Fully autonomous botnets comprised of AI-enabled smartphones equipped with neural processing units aren’t a realistic threat in the immediate future, Avast Research Director Martin Balek told AndroidHeadlines. While “technically possible,” such networks of compromised devices capable of conducting intelligent hacking attacks won’t be achievable on a massive scale in at least “one or two years,” Mr. Balek said, citing a wide variety of obstacles that are presently preventing hackers from creating AI threats. The primary reason for that state of affairs is the technically challenging nature of designing a fully automated AI botnet, the industry veteran believes, pointing to the 2016 DARPA Cyber Grand Challenge as one example illustrating that claim. Intelligent hacking platforms that leverage the NPUs of numerous compromised devices are still an unknown in the sense that the manner in which such convoluted systems are supposed to be designed isn’t “common knowledge,” Mr. Balek said.
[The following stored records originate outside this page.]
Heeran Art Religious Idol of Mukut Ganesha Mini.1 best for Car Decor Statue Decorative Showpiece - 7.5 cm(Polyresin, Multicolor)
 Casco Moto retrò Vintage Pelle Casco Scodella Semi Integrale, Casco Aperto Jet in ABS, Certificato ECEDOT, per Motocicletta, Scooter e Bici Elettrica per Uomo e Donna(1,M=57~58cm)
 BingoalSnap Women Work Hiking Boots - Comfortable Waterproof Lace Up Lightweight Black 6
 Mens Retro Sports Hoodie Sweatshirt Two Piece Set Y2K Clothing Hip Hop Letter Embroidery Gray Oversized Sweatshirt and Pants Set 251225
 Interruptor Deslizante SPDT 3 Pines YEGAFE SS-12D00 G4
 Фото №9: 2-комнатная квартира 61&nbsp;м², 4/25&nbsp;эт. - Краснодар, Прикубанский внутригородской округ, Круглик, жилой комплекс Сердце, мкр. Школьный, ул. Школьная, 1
Avast’s security researcher also noted that consumer electronics may still not be powerful enough to actually allow for entirely automated botnets, adding that cybercriminals are likely waiting for the technological barrier to such attack vectors becomes “significantly lower than [it is] today.” Mr. Balek also pointed to the relative scarcity of NPUs in contemporary mobile devices, saying that their “massive misuse” is presently unfeasible due to the fact that AI chips are currently only found inside select flagships. As the vast majority of cybercriminals target the most widespread hardware based on a cost-effort calculation, they still aren’t inclined to even attempt working on attacking NPU-equipped devices given how a hypothetical AI botnet solution would likely have a smaller impact than a traditional botnet while being significantly more costly to create, Mr. Balek suggested. Ultimately, even as NPUs become a more common smartphone component moving into the next decade, the misuse of such technologies will probably debut in a manner that’s much more limited in nature than a botnet is, Avast’s security expert said, adding that single-purpose computational platforms such as malicious cryptocurrency miners are more likely to end up being the initial manifestations of mobile NPU misuse.
While artificial intelligence-enabled smartphone botnets may not be compromising any infrastructure on a large scale until the next decade, botnets themselves are already a significant issue in the mobile and IoT segments. IoT companies in particular are yet to embrace an entirely universal set of security standards and even though individual platforms such as Google’s Android Things are promising to address those concerns, it remains to be seen whether they eventually end up enjoying widespread adoption.